Public speaking is America’s biggest phobia, according to a survey on American Fears conducted by Chapman University. So how do you give a wedding toast if you’re shy? After all, one out of four of your neighbors are terrified of getting up before a crowd and talking.
It’s not as hard as you think. Here are some quick tips:
- Don’t drink before talking. Keep your head clear for obvious reasons.
- Script your toast. You don’t want your head to go blank. Ultimately, the root cause of nervousness is your fear of embarrassing yourself in front of a large crowd. Your heartfelt, scripted remarks, removes your fear of spacing out and fumbling through the toast.

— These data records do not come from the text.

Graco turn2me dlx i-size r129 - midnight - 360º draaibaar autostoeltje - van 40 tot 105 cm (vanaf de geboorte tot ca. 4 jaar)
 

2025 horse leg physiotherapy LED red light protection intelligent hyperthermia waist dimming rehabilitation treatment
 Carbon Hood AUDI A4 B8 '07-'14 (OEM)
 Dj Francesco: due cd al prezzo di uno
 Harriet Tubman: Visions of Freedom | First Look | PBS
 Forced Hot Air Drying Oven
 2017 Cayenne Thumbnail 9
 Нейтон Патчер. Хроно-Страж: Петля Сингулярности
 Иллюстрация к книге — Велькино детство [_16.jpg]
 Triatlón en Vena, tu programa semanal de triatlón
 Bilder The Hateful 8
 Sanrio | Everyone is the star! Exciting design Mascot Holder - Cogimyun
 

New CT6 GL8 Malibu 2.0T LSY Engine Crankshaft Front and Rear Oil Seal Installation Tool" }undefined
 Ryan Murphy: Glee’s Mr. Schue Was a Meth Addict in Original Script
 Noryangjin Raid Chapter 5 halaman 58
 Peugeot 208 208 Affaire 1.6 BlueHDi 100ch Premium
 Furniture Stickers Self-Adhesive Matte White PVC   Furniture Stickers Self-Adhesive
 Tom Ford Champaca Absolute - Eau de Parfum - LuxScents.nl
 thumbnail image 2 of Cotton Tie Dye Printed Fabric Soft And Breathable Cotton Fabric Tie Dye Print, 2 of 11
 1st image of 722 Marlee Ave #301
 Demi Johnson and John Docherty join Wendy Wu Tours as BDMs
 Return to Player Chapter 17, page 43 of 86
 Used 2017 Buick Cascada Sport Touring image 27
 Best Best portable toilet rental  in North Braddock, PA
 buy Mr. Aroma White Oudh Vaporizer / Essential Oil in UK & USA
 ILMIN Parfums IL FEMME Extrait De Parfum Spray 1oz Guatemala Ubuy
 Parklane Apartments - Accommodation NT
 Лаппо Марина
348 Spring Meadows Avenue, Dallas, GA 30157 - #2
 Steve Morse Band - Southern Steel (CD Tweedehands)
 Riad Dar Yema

- Talk clearly and project your voice. Timid toasters often keep their heads down and mumble their words. Instead, hold your head high talk with confidence.
- Rehearse. Even though your toast is scripted, rehearse it at least twelve times. That’s correct: twelve times. You want to know it so well that you don’t need your notes. Nonetheless, you WILL use your notes, because that removes your chance of blanking out.
- Keep it short. Almost all toasts are too long. Few people are pros. So, wedding guests appreciate toasters who get to the point and wrap up within a couple of minutes.
- Start strong. Introduce yourself and your connection to the couple. You might say, “My name is Lori Smith, and I have the honor of toasting the most wonderful friend I’ve ever known.”
- You have two goals: make ‘em laugh and make ‘em cry. And do it quickly. In other words, humor and sentiment are key ingredients to making a great toast. Sentiment is easy, humor, though is hard. You can find a corny wedding joke online and use it to transition to the sentimental. For example:
“I just saw two nuclear technicians getting married. The bride was radiant and the groom was glowing.”
Corny? Yes, but it’ll get a nice chuckle. Then marry the quip to the sentiment:
“And you know, [bride’s name], you truly are radiant today. And as for my friend, [groom’s name], we don’t typically use the word “glowing” to describe a groom. But I’ve noticed something about him. Every time your name comes up, his eyes light up. Every time you walk into the room, his eyes light up. Yes, it’s safe to say you’re glowing today, [groom’s name].”
At this point, you’ll hear “awww” rise up from your captive audience.
Finally, run it by someone you trust to critique your toast. How to give a wedding toast if you’re shy? Follow these steps and you’ll feel so prepared, your shyness will quickly fade the day of the big event. You CAN do it. You WILL do it. Relax, and enjoy the experience!